Knicks nab Atlantic Division title

Nineteen years is a long time.

So you'd think maybe the New York Knicks would want to celebrate a little after clinching their first division title since 1994 on Tuesday.

But other than a few blue T-shirts, there wasn't much to commemorate the moment in the team's locker room.

Instead, the Knicks made it clear that they're focused on loftier goals.

"The big picture is winning a title," coach Mike Woodson said. "That's all I'm in it for."

The Knicks took a step toward that end Tuesday with a 120-99 win over the Washington Wizards.

The victory over Washington extended their winning streak to 13, the third-longest in franchise history. It also guaranteed the Knicks a home-court advantage in at least the first round of the playoffs, by virtue of the division crown.

More important, the Knicks maintained a 2½-game lead over the Indiana Pacers for the second seed in the Eastern Conference playoffs.

"It’s just one little step. One building block," Jason Kidd said of the Atlantic crown. "One of our goals when we started the training camp in October was to win the division. We did that this evening. But that doesn’t mean anything. We still have a long ways to go."

A few weeks ago, the division title -- and any shot at long-term success in the playoffs -- seemed very much in doubt for these Knicks. New York was dealing with injuries to Tyson Chandler and Carmelo Anthony, and was mired in a four-game losing streak on the West Coast.

"At that point, you start doubting a lot of things," Anthony said.
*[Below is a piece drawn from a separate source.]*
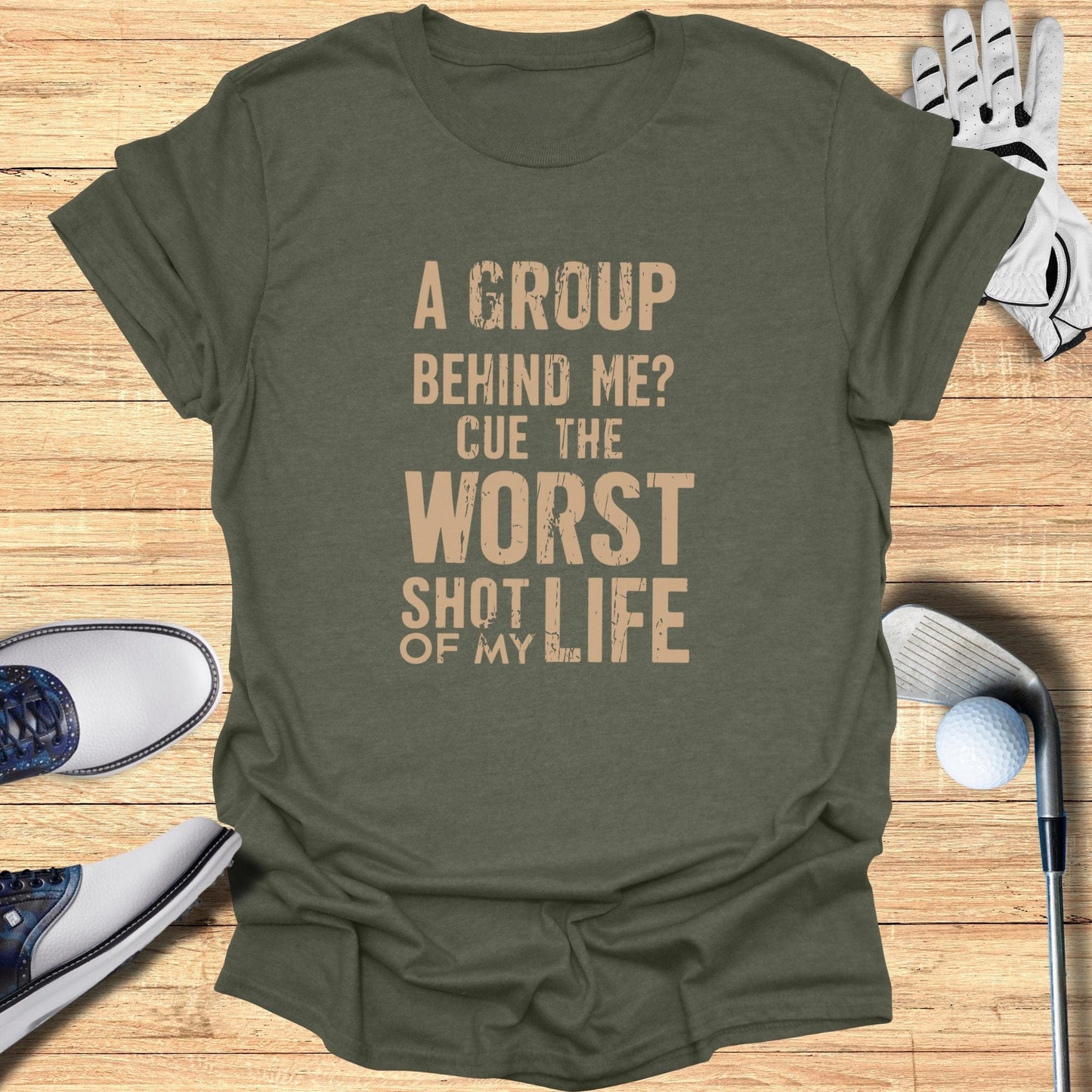 A Group Behind Me? T-Shirt - Funny Golf Tee by Swing Epic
But the All-Star forward got fluid drained from his knee, and J.R. Smith started to drain shots. The Knicks haven't looked back since.

The Knicks leaned on Anthony and Smith again Tuesday to put away the Wizards.

Anthony had a game-high 36 points, and Smith finished with 17 points on 7-for-14 shooting.

"Guys are committed, and we're executing," Woodson said.

Anthony has been executing at historic levels of late. In his past five games, he's scored 40.6 points per game on 61.1 percent shooting. He's hit 55.6 percent of his 3s and pulled down 8.1 rebounds per game.

He tied Bernard King's franchise record with five straight games of at least 35 points.

"He's been beautiful to watch," Woodson said.

But not everything was beautiful for the Knicks on Tuesday.

The team might have suffered a significant loss when Kenyon Martin went down with a left ankle sprain early in the fourth quarter. Martin's X-rays came back negative but his status for Thursday's game against Chicago -- and beyond -- is unknown.

Martin's injury is just the latest in a long line of ailments for the Knicks' big men. Chandler has missed 11 of the past 15 games due to a neck ailment. Rasheed Wallace (broken foot), Kurt Thomas (stress fracture/right foot) and Amar'e Stoudemire (knee) are expected to miss at least the rest of the regular season.

But that hasn't slowed the Knicks, who validated themselves as title contenders in the eyes of some with Sunday's win in Oklahoma City.

"Right now we're playing extremely well. Great basketball," Anthony said. "As a team everybody is doing their job, everybody has seemed to accept their role."

Now that the Atlantic is settled, the next item on New York's agenda is a second-place finish in the Eastern Conference. The Knicks need just three more wins or three Pacers losses -- or a combination of wins or Indiana losses adding up to three -- to clinch second place. That would ensure the Knicks would have home court through the first two rounds of the playoffs.

"It’s a great thing to achieve one of your main goals," Smith said. "Now we just got to get that gold ball."